About this task
In the records below, find the line with "Présentoir de table à aimants - A5 EUROPEL" and repeat exactly every line from it through the line with "Canapé modulaire de". Pictures stay out.

Records shown
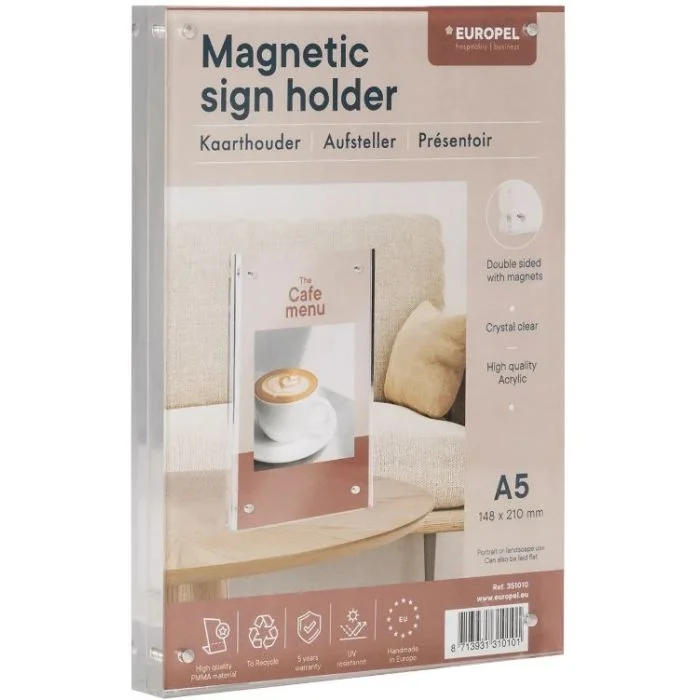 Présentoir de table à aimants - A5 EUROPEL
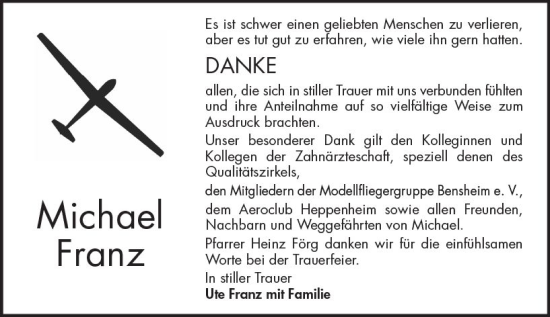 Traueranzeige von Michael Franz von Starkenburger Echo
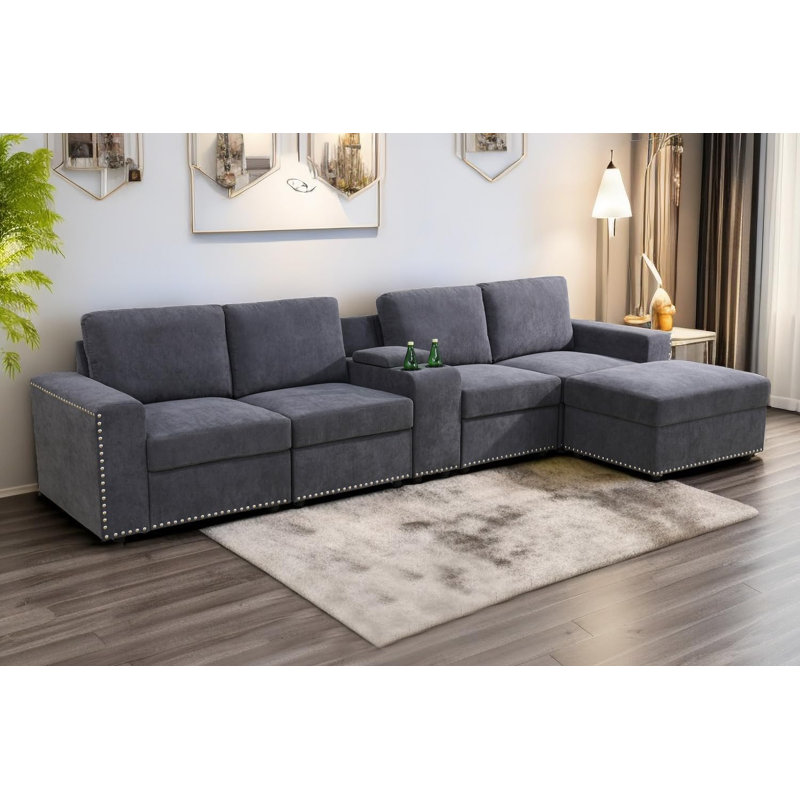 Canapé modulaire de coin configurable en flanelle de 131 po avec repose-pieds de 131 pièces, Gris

* * *

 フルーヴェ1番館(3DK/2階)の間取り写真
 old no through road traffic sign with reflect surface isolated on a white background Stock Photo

Response to the task
 Présentoir de table à aimants - A5 EUROPEL
 Traueranzeige von Michael Franz von Starkenburger Echo
 Canapé modulaire de coin configurable en flanelle de 131 po avec repose-pieds de 131 pièces, Gris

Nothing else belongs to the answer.